The platform token thesis is similar to the Layer 1 investment thesis: investing in the infrastructure that games are built on rather than in specific games is a less volatile way to gain GameFi exposure. However, platform tokens are still significantly more speculative than general-purpose L1s like Ethereum or Solana because gaming is only one use case competing for network adoption.
Game governance tokens give holders a vote on in-game parameters, treasury management, and development direction for a specific game. Many major blockchain games have issued governance tokens that also provide access to exclusive in-game content, staking rewards from game treasury revenue, or fee sharing from in-game marketplace transactions. These tokens combine utility (in-game benefits) with governance rights and potential economic participation.

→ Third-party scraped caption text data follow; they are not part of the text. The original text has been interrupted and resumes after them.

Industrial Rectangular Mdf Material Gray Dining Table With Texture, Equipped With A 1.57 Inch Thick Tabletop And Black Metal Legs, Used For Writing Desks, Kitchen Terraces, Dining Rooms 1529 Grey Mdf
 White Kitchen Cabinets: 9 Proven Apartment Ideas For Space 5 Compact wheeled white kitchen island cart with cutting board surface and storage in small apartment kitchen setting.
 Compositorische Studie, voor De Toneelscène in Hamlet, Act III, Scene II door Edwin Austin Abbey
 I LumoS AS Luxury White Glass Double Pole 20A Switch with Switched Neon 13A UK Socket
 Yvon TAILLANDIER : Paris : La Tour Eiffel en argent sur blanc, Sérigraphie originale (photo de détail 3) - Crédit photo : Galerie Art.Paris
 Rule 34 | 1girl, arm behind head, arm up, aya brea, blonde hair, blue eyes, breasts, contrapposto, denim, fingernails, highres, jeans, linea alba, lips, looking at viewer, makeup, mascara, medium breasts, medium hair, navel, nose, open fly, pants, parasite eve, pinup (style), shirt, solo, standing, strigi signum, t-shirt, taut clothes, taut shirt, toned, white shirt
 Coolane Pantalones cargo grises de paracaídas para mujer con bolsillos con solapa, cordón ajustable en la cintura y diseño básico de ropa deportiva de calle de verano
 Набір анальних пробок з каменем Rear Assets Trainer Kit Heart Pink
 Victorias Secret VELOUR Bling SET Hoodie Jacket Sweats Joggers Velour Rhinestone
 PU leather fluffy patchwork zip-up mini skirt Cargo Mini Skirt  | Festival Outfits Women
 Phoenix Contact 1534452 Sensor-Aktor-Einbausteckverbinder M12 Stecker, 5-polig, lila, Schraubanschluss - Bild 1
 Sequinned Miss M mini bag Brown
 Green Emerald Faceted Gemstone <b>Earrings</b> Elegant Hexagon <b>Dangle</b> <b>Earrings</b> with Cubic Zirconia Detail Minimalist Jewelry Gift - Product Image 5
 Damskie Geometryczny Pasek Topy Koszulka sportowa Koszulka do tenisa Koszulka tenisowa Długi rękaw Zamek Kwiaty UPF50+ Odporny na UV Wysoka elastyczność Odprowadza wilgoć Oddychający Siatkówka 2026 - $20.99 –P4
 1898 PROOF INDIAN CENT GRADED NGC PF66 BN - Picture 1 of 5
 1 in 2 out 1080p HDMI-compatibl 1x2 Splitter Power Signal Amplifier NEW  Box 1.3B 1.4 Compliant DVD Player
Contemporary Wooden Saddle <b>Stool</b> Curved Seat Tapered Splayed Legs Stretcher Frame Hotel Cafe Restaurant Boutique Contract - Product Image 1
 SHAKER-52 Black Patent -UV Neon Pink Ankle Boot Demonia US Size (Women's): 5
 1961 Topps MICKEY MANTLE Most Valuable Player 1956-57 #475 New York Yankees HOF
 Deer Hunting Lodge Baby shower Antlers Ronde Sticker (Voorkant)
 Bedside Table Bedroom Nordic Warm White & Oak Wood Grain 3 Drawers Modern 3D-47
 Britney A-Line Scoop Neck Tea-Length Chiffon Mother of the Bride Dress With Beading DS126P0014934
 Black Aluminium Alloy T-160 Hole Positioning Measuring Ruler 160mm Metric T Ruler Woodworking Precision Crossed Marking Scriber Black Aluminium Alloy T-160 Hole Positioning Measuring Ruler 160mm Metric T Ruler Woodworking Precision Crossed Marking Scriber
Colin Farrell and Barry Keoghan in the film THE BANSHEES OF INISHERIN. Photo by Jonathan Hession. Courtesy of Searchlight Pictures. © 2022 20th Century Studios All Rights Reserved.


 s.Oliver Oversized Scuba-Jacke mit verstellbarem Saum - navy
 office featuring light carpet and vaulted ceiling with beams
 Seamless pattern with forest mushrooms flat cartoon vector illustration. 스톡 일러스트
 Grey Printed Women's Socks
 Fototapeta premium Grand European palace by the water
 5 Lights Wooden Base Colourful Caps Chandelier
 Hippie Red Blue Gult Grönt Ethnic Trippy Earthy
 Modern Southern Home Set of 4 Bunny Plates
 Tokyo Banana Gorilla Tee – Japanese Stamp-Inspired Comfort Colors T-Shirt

Many blockchain games use dual-token models: a governance token with limited supply and a utility token used for in-game spending with inflationary supply. The utility token is typically earned through gameplay and spent on in-game items, upgrades, and crafting. The failure mode of many early GameFi projects was that utility token supply outstripped demand (players earning more than spending, or external buyers entering to farm yield) leading to permanent token price decline. Evaluating the supply and demand balance of in-game utility tokens is critical to understanding the health of a GameFi economy.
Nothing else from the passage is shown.